* [ANNOUNCE] GIT 1.5.2-rc3
@ 2007-05-11 0:23 Junio C Hamano
2007-05-11 3:23 ` Alexander Litvinov
0 siblings, 1 reply; 8+ messages in thread
From: Junio C Hamano @ 2007-05-11 0:23 UTC (permalink / raw)
To: git; +Cc: linux-kernel
Upcoming 1.5.2 will have three large-ish new features that the
user community wished to have for quite some time. I usually do
not CC the kernel list for -rc releases, but this one will
hopefully be pretty much the same as what the final one would
look like, so here it is.
We may get around fixing the long standing git-apply corner case
HPA's rebase problem unveiled before v1.5.2, but we might defer
it post 1.5.2 (it is not a regression). We'll see.
----------------------------------------------------------------
GIT v1.5.2 Release Notes (draft)
========================
Updates since v1.5.1
--------------------
* Plumbing level subproject support.
You can include a subdirectory that has an independent git
repository in your index and tree objects as a
"subproject". This plumbing (i.e. "core") level subproject
support explicitly excludes recursive behaviour.
The "subproject" entries in the index and trees are
incompatible with older versions of git.
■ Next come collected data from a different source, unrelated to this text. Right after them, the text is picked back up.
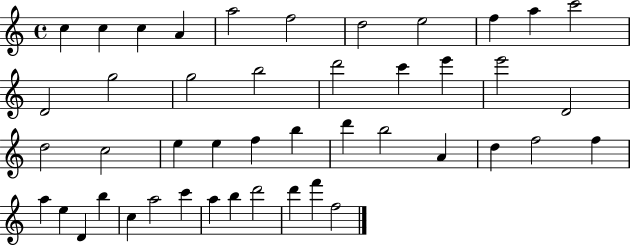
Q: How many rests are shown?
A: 0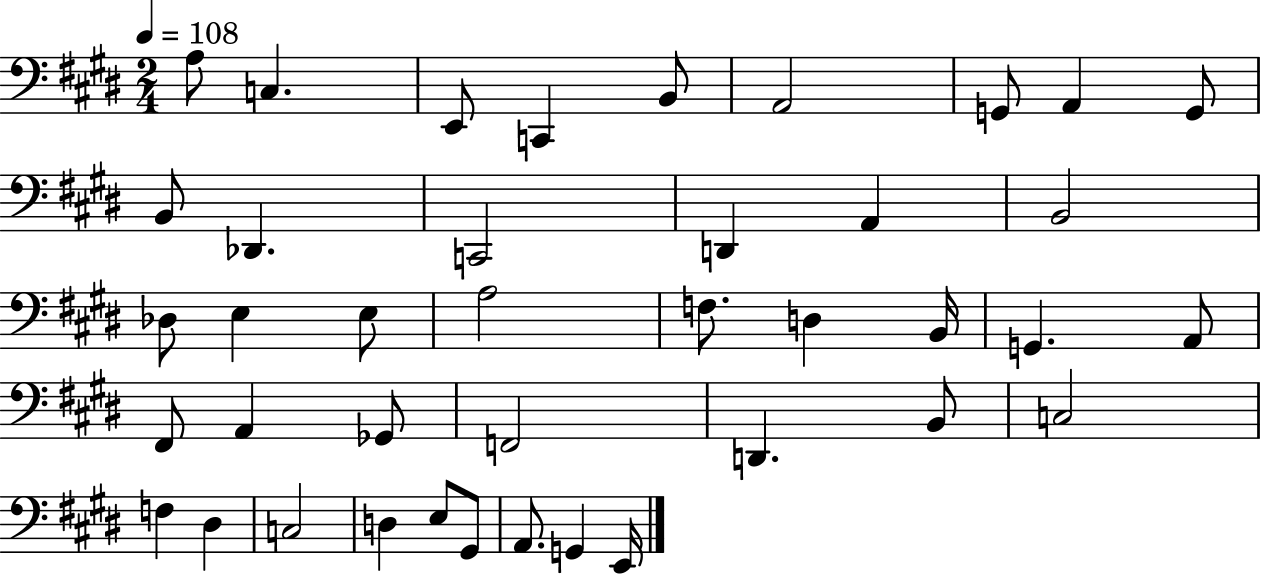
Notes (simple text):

A3/e C3/q. E2/e C2/q B2/e A2/h G2/e A2/q G2/e B2/e Db2/q. C2/h D2/q A2/q B2/h Db3/e E3/q E3/e A3/h F3/e. D3/q B2/s G2/q. A2/e F#2/e A2/q Gb2/e F2/h D2/q. B2/e C3/h F3/q D#3/q C3/h D3/q E3/e G#2/e A2/e. G2/q E2/s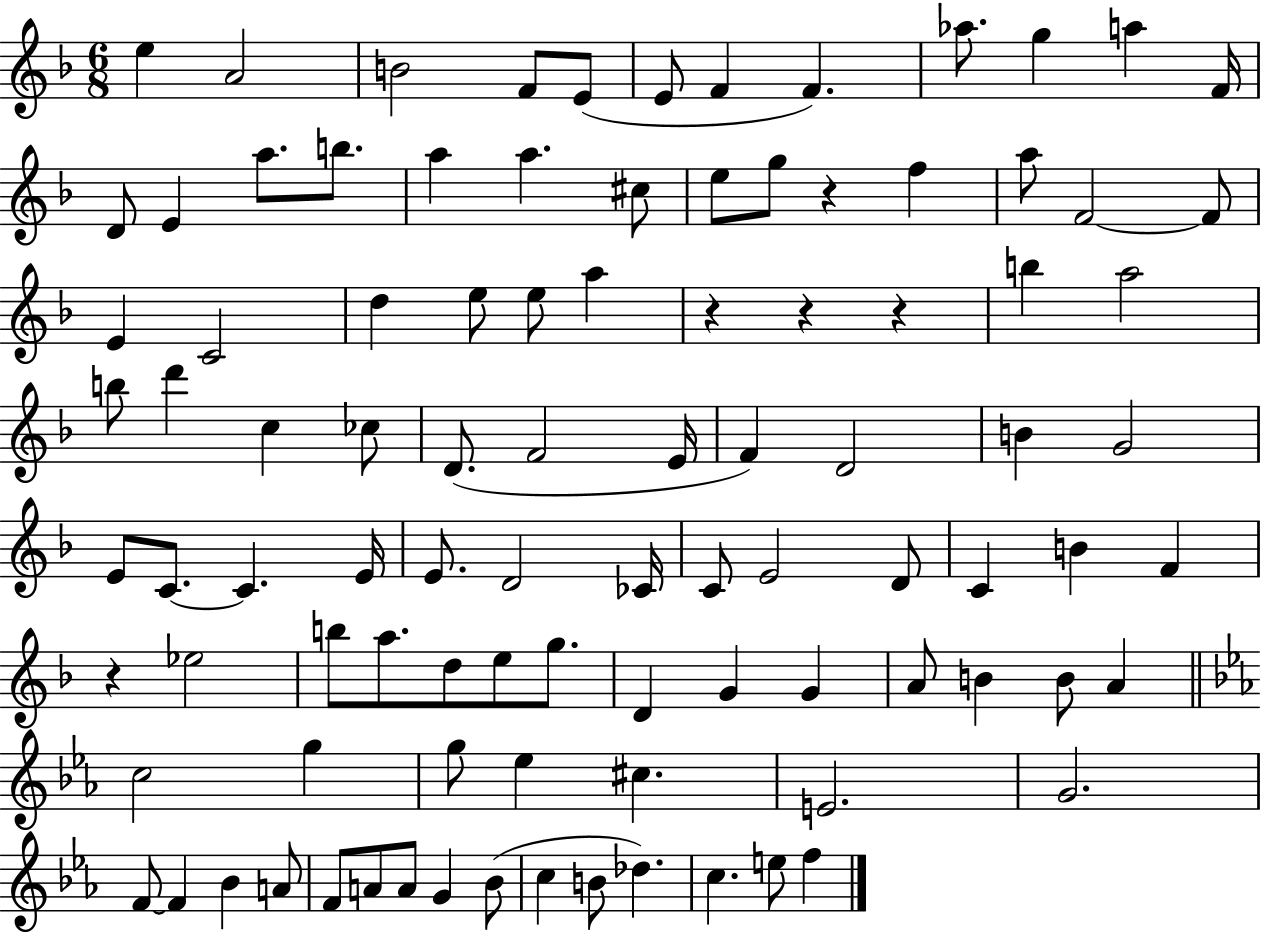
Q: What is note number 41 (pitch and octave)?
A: F4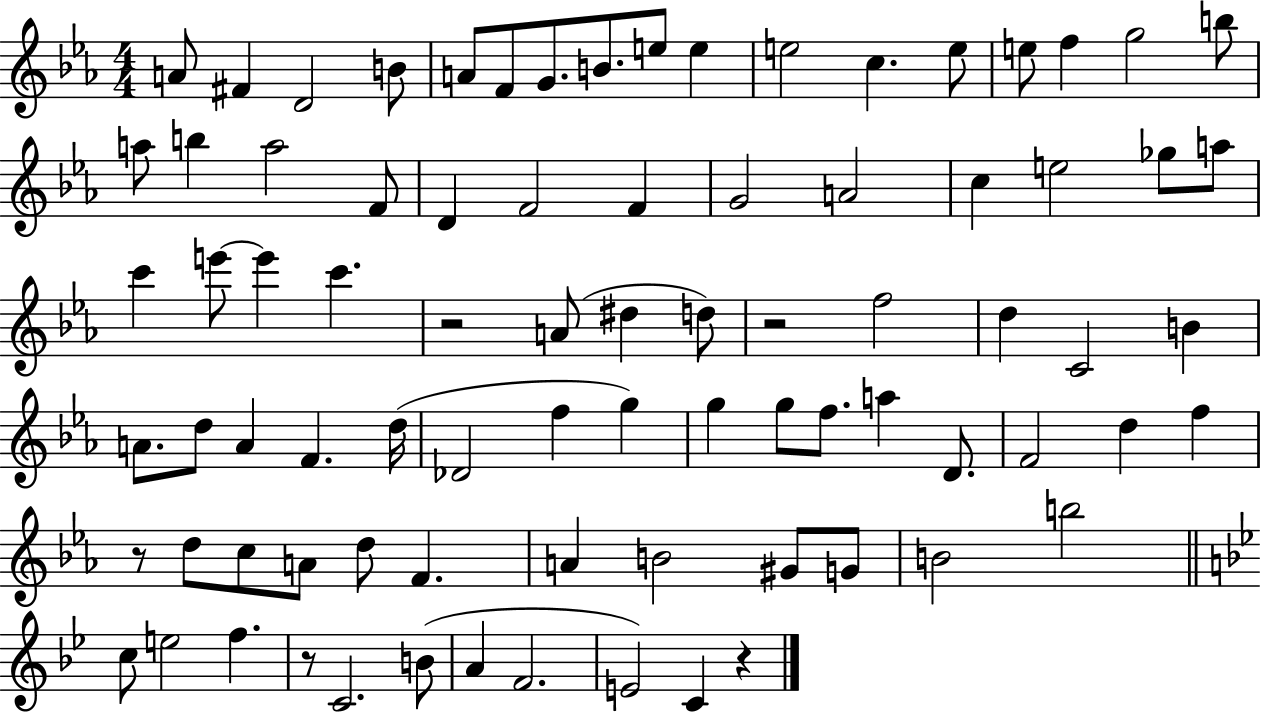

Experimenting with
the plumbing level support is encouraged, but be warned that
unless everybody in your project updates to this release or
later, using this feature would make your project
inaccessible by people with older versions of git.
* Plumbing level gitattributes support.
The gitattributes mechanism allows you to add 'attributes' to
paths in your project, and affect the way certain git
operations work. Currently you can influence if a path is
considered a binary or text (the former would be treated by
'git diff' not to produce textual output; the latter can go
through the line endings conversion process in repositories
with core.autocrlf set), expand and unexpand '$ident$' keyword
with blob object name, specify a custom 3-way merge driver,
and specify a custom diff driver. You can also apply
arbitrary filter to contents on check-in/check-out codepath
but this feature is an extremely sharp-edged razor and needs
to be handled with caution (do not use it unless you
understand the earlier mailing list discussion on keyword
expansion).
* The packfile format now optionally suports 64-bit index.
This release supports the "version 2" format of the .idx
file. This is automatically enabled when a huge packfile
needs more than 32-bit to express offsets of objects in the
pack
* Comes with an updated git-gui 0.7.0
* Updated gitweb:
- can show combined diff for merges;
- uses font size of user's preference, not hardcoded in pixels;
* New commands and options.
- "git bisect start" can optionally take a single bad commit and
zero or more good commits on the command line.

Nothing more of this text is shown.